Dungeon Command ist ein gutes, solides Spiel, die Regeln sind stimmig und boten in meinen Testrunden keine Gelegenheit zur Diskussion. Jede Partie hat Spaß gemacht. Die Vermeidung eines Würfelmechanismus bedeutet eine gewisse Planbarkeit, die jedoch gegen Ende des Spiels in statische Kämpfe mündet.

Anfangs besitzen die Spieler noch genügend Order cards, die einen der wesentlichsten Spielmechanismen darstellen, aber nach wenigen Runden auf ein Minimum reduziert sind. Unnütze Karten sind dann besonders schmerzlich.

Sieg oder Niederlage liegen häufig auch sehr nah beieinander, denn der Verlust von eigenen Kreaturen läßt sich ohne Order cards kaum noch vermeiden und der damit einhergehende Verlust von Moral (bei 0 hat man verloren) ist somit unausweichlich.

Die Leader powers der Commander oder die Sonderfertigkeiten der Kreaturen bieten einen gewissen Ersatz, können aber die fehlenden Einflußmöglichkeiten der Order cards nicht kompensieren.
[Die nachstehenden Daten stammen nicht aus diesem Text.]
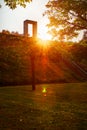 Sunset behind the silhouette of the memorial for the victims of the fatal railroad accident with the ICE 884 in Eschede, Germany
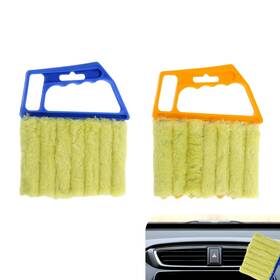 Fer40al Ferianl 2pcs Blind Cleaner Duster Tool Microfiber Washable Handheld Mini Brush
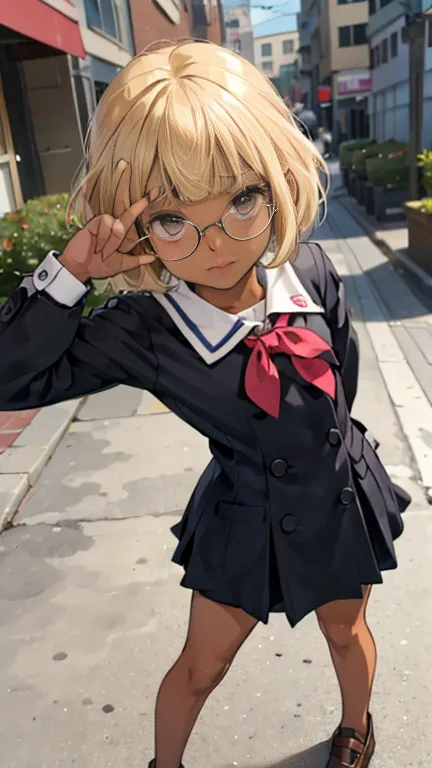(Ultra flat, Flat Shading)，Honors Type，Really blushing，，13 years old，Chibi，Blunt bangs，Thick eyebrowiddle School girls，Blonde ha...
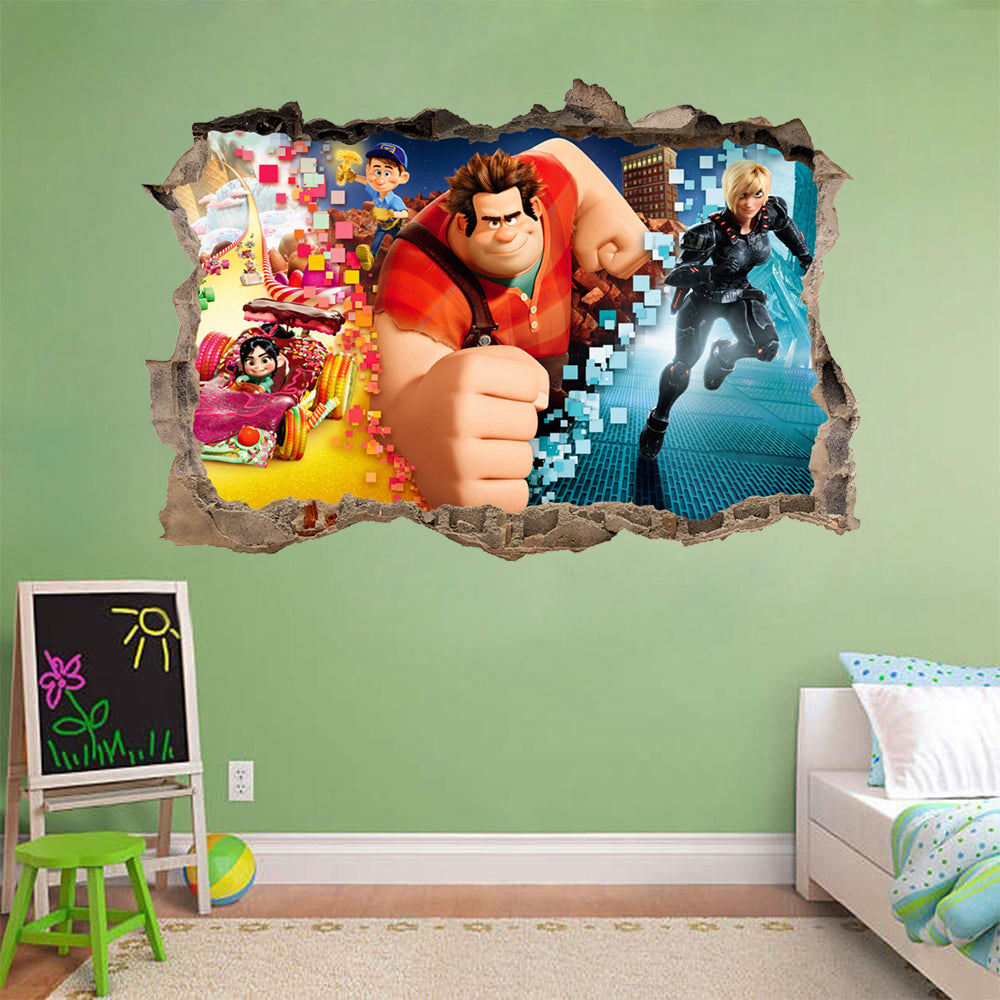 Wrick-It Ralph 3D Smashed Broken Decal Wall Sticker J742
Das Spiel bleibt spaßig, besonders weil der Leadership Wert steigt und man mehr Kreaturen auf die Spielfläche holen kann, aber die spannendste Phase sind die ersten Runden, bei denen man nicht weiß, ob der Gegenspieler noch Konter auf der Hand hat, später heißt die Antwort zumeist „Nein“.

Pro Faction pack muß man je nach Anbieter zwischen 25-40 Euro investieren, wenn im Freundeskreis jeder eine unterschiedliche Schachtel besitzt, kann das einige spannende Abende bringen mit einer Spielzeit von ca. 1-1,5h pro Spiel. Etwas sauer stößt die Empfehlung von WotC auf sich pro Fraktion gleich zwei Schachteln zu kaufen, allerdings ist es auch wiederum sehr löblich, dass Dungeon Command mit Castle Ravenloft etc. kompatibel ist.

Ich bin bei meinem Fazit etwas unschlüssig, einerseits macht das Spiel Spaß, andererseits ist eine gewisse Investition erforderlich, um das Spiel in vollen Zügen genießen zu können. Man muß mindestens zwei Fraktions Schachteln zur Hand haben, um wirklich spielen zu können, je mehr aber, desto besser.